Examination of cytosine methylation at AluI restriction sites, which reports on de novo methylation in a CHH sequence context, reveals a dramatic increase in de novo cytosine methylation in hda6 mutants, and a modest increase in ddm1 mutants, as shown using both the promoter region and amplicon 1 probes (Fig. 5A). The de novo cytosine methylation is consistent with the dramatic overproduction of siRNAs in hda6 mutants (see Fig. 4), and a modest increase in siRNA levels in ddm1 mutants (data not shown). In axe1-5 rescued by the HDA6-Flag transgene, CHH methylation is restored to wild-type levels, consistent with the return of siRNA abundance to wild-type levels (refer to Fig. 4B).

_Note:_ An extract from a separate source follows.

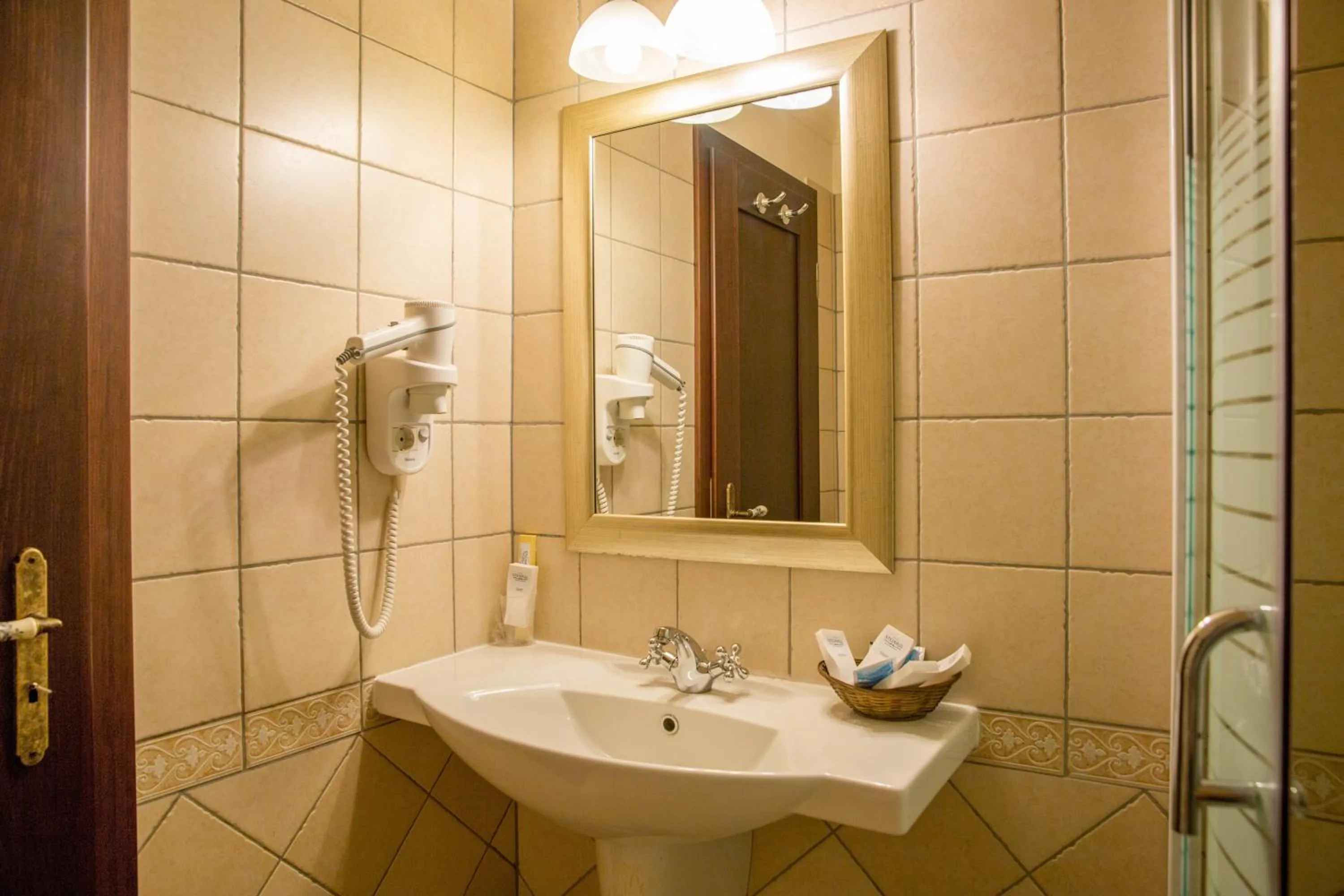 Bathroom in Hotel Stejarul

As an independent test of DNA methylation status, we used Chop-PCR, an assay in which genomic DNA is subjected to digestion with a methylation-sensitive restriction endonuclease (i.e., it is “chopped”) and then tested as a template for PCR amplification using primers flanking the restriction sites. In wild-type plants, lack of DNA methylation at one or more AluI sites in the promoter region allows AluI to cut the DNA such that the template cannot be amplified by PCR (Fig. 5B; Supplemental Fig. S2). In contrast, the promoter region of wild-type plants is recalcitrant to digestion with MspI, due to CHG methylation; as a result, the region can be PCR-amplified following MspI digestion. In agreement with the Southern blot data, increased de novo methylation at asymmetric sites occurs in the promoter region of ddm1, rts1-1, and axe1-5 mutants, making the promoter region more resistant to AluI cleavage. At the same time, losses of CHG and CG methylation make promoter regions more susceptible to MspI and HpaII digestion, respectively (Fig. 5B; Supplemental Fig. S2). Importantly, wild-type methylation patterns at AluI sites are restored in axe1-5 mutants transformed with the wild-type HDA6-Flag transgene (Fig. 5B). Taken together, the data show that symmetric CHG sites are hypomethylated, but asymmetric CHH sites are hypermethylated, in hda6 mutants. We conclude that HDA6 is not required for de novo CHH methylation, but appears to be required for CG and CHG maintenance methylation. The possibility that HDA6 is also required for de novo methylation at CG and CHG motifs cannot be ruled out.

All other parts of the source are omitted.